2. Materials and Methods

2.1. Participants

This cross-sectional exploratory study was conducted within three therapeutic living communities (Lebenswelt) specifically developed to accommodate the needs of individuals with deafness and additional disabilities, focusing on supporting communication, social relationships, conflict resolution and work satisfaction. They are characterized by the constant use of sign language; one-quarter of the staff members are deaf themselves [7]. We recruited 29 individuals (9 women and 20 men) who met the inclusion criteria of having at least moderate hearing impairment and an IQ score between 50 and 85 (see Table 1). Of these participants, 93% were profoundly deaf and 7% had moderate hearing loss. Nearly all the participants joined their therapeutic communities with lifetime histories of potentially traumatic events—a sadly common finding among members of the deaf community [28,29]—and about 38% had experienced at least one depressive episode [30]; however, no participant was experiencing an active depressive episode during the time of data collection.
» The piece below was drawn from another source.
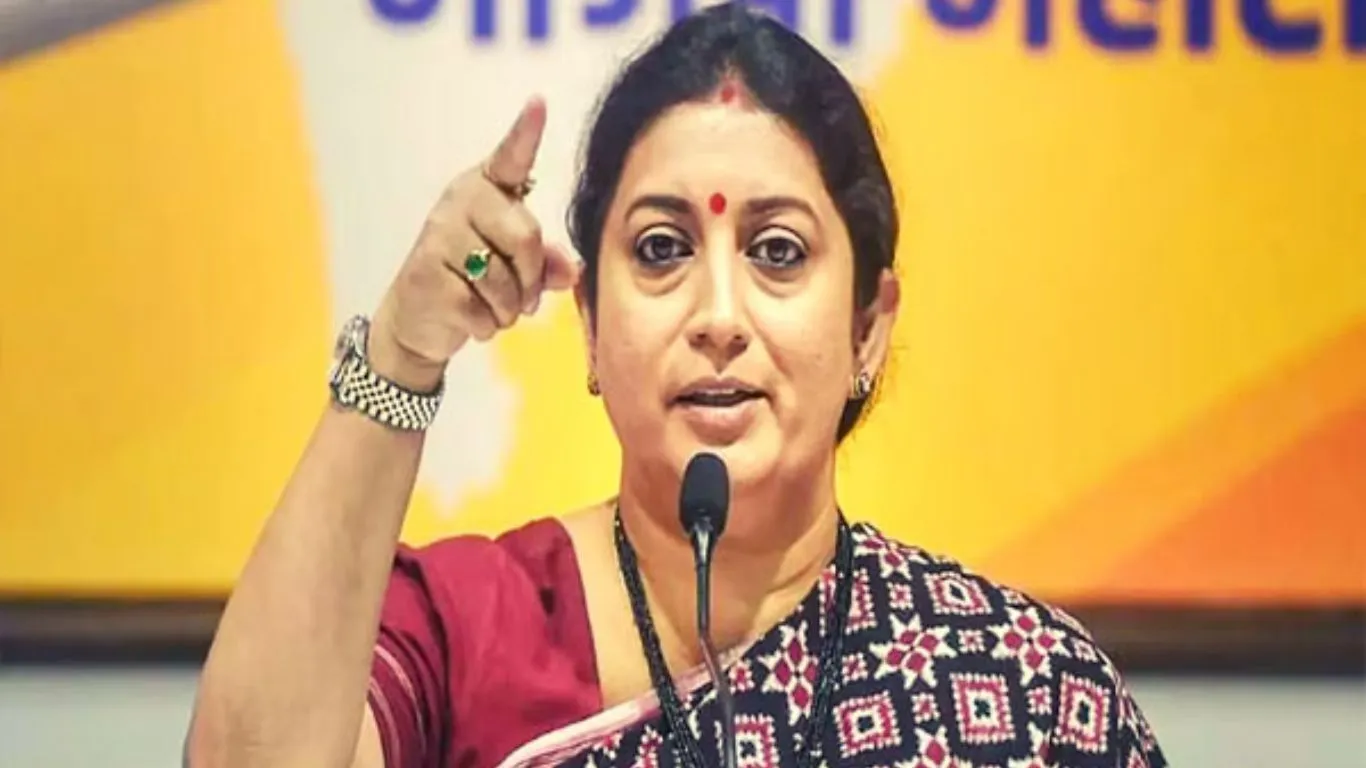 Politics: स्मृति ईरानी की चुनौती- राजस्थान, छत्तीसगढ़, बिहार की महिला उत्पीड़न पर बोले कांग्रेस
Their length of enrollment in the therapeutic living communities ranged from 6 months to 20 years. Most of the participants (n = 23; 79.3%) lived and worked in these communities, and the remaining participants (n = 6; 20.7%) only took part in the workshop facilities. Their mean age was 46.89 years (SD = 16.42, range 20–73 years), and their mean IQ score was 67.31 (SD = 6.49, range 57–82). Based on the ICD-10/WHO criteria, the majority (72.4%) were classified as having mild deficits indicated by an IQ score between 50 and 69 [31]. In addition, half (51.7%) of the participants were currently diagnosed with intellectual disability with challenging behavior (F70.1 (ICD-10)), 20.7% with cerebral palsy, 13.8% with epilepsy and 13.8% with autism. Table 1 displays the sample characteristics in detail.
Table 1

Sample characteristics.

CharacteristicsN%MeanSDminmax
Lebenswelt
Full program (residential and vocational)2379.31
Day program/workshops only620.69
Sex
Male/Female20/968.97/31.03
Age 46.9016.4212073
Hearing status
Moderate hearing loss (40–69 db)26.90
Profound hearing loss and deafness (>70 db)2793.10
Co-occurring disorders
Autism413.79
Epilepsy413.79
Cerebral palsy620.69
Intellectual disability with challenging behavior (F70.1 ICD-10)1551.72
Lifetime depressive episodes 1137.93
This study was approved by the ethical committee of the hospital St. John of God in Linz, Austria. Consent was given by the participants themselves and/or by their legal guardians (if applicable).

2.2. Instruments

2.2.1. Intellectual and Adaptive Functioning

The Vineland Adaptive Behavior Scales-II [15] is a comprehensive measure of adaptive behavior. This standardized norm-referenced assessment instrument provides information on an individual’s adaptive behavior from birth to 90 years of age across motor, communication, daily living and socialization skills. A standard score (M = 100, SD = 15) for each domain is calculated as well as a summary adaptive behavior composite score. The subscales of the Vineland-II do not perfectly align with the current tripartite model of adaptive behavior described in the DSM-5′s definition of intellectual disability. Tassé and Mehling [12] proposed the following alignment or “cross-walking” of the VABS-II domains with the three domains of adaptive functioning identified in DSM-5: communication = conceptual skills; socialization = social skills; and daily living skills = practical skills. Accordingly, the socialization and daily living skills subscales of the Vineland-II were used to address the social and practical domains. However, two of the three sections of the communication subscale relate to the comprehension and production of spoken language. After adapting comprehension items to a visual modality, many items specifically referring to the structure of spoken language (e.g., intonation, verb inflection, prepositions, pronunciation, pronouns) had to be replaced by Austrian sign language items estimated to be functionally equivalent and of a comparable level of complexity. This non-validated adaptation resulted in significant floor effects that strongly weighed against its being considered for measuring the conceptual domain in this group of adults who are deaf with intellectual disability (see Figure 1).
Figure 1

Boxplots of the domains of intellectual disability (standard scores of Vineland-II domains and SON-R 6-40).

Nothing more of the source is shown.